Only the lines below from the one containing "Irregular Slit Knit Long-sleeve Top" through the one containing "Saint Laurent Pre-Owned" belong in the answer, repeated exactly and without pictures.

[Entries shown]
^^^^^^^^^^^^^^^^

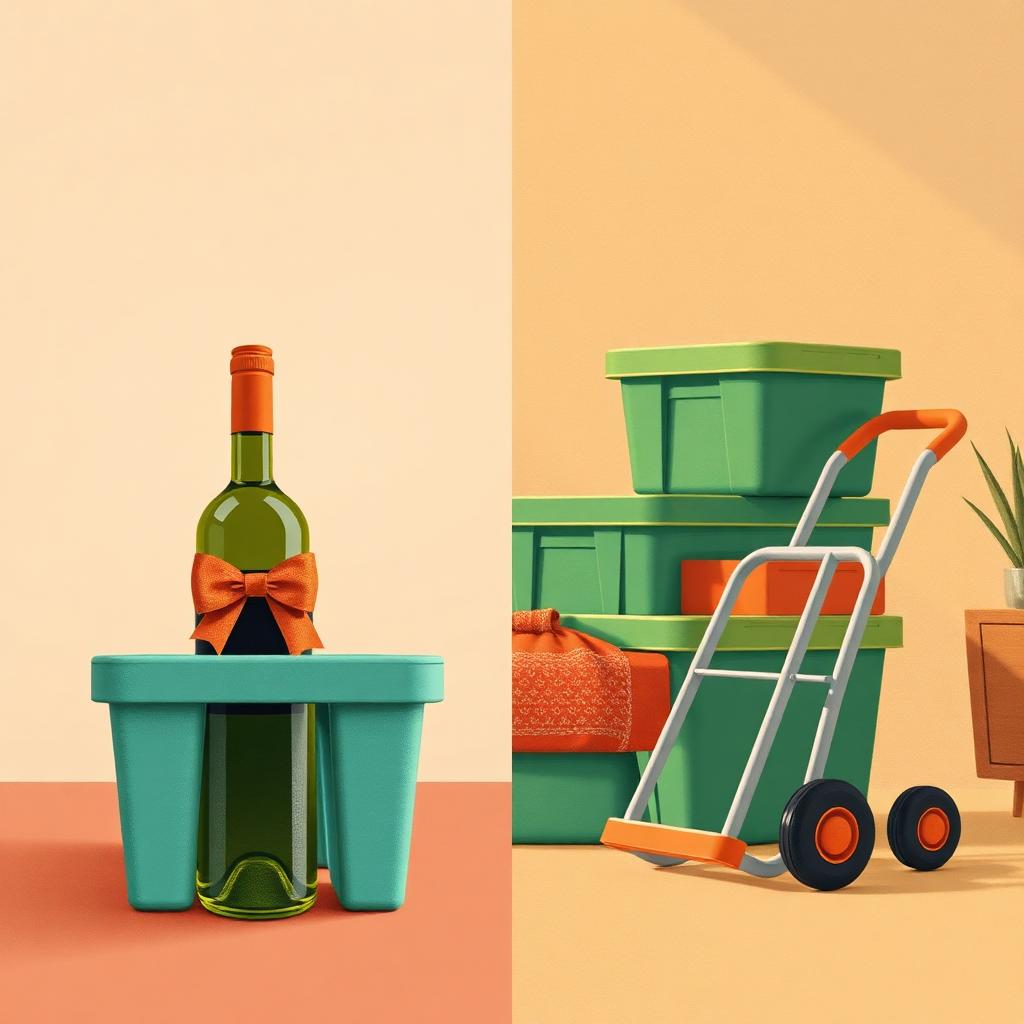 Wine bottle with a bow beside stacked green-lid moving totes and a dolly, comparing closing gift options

^^^^^^^^^^^^^^^^

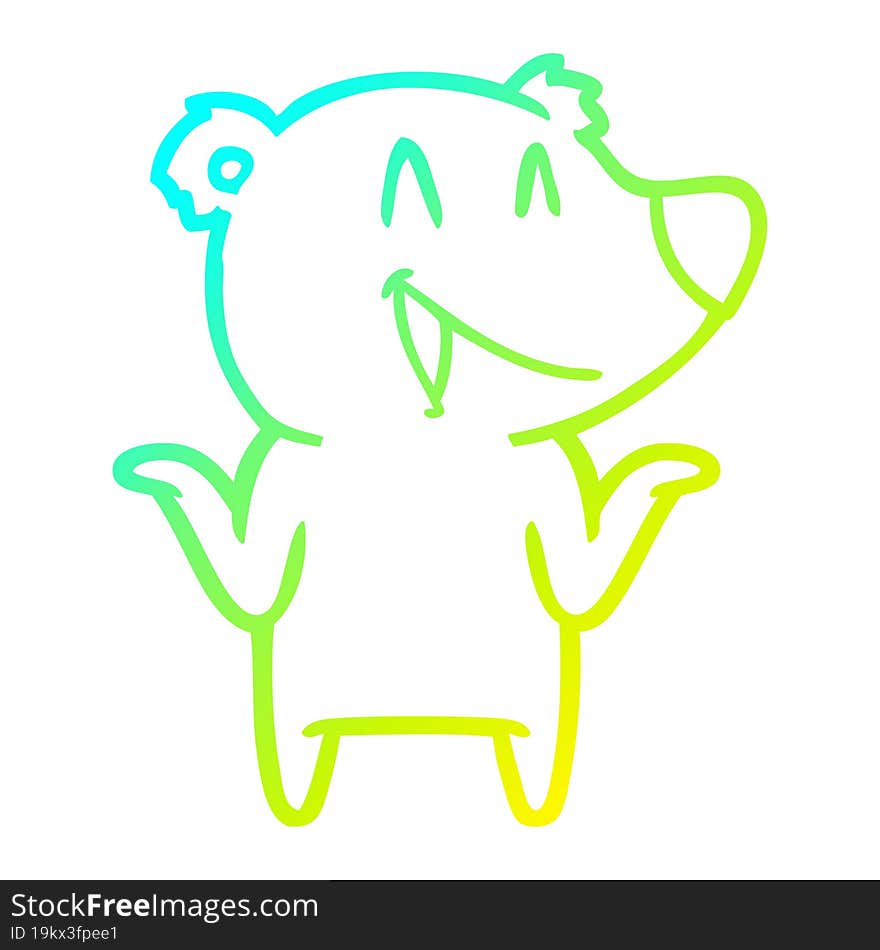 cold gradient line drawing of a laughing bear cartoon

^^^^^^^^^^^^^^^^

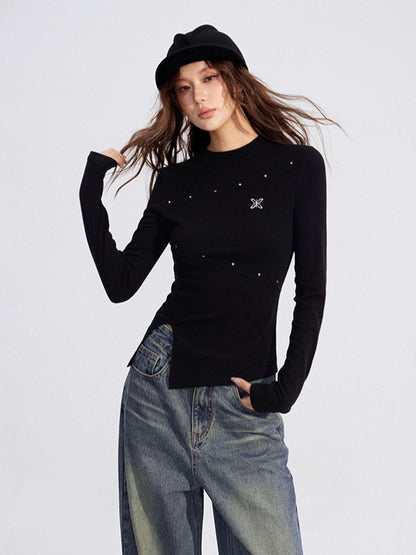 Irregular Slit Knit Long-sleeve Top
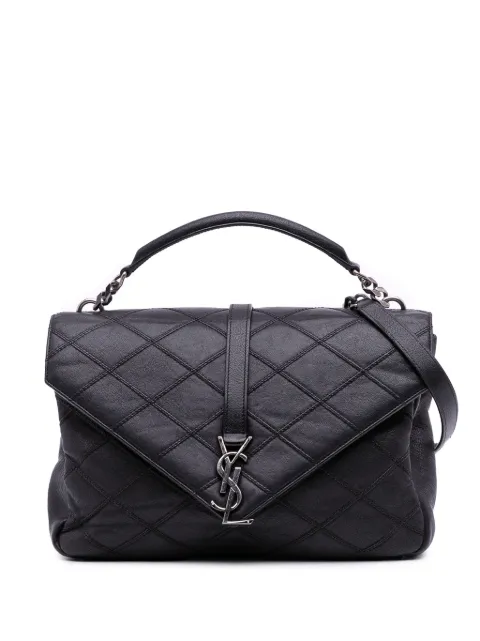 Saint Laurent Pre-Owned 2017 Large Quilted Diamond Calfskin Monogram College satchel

^^^^^^^^^^^^^^^^

[Answer below]
 Irregular Slit Knit Long-sleeve Top
 Saint Laurent Pre-Owned 2017 Large Quilted Diamond Calfskin Monogram College satchel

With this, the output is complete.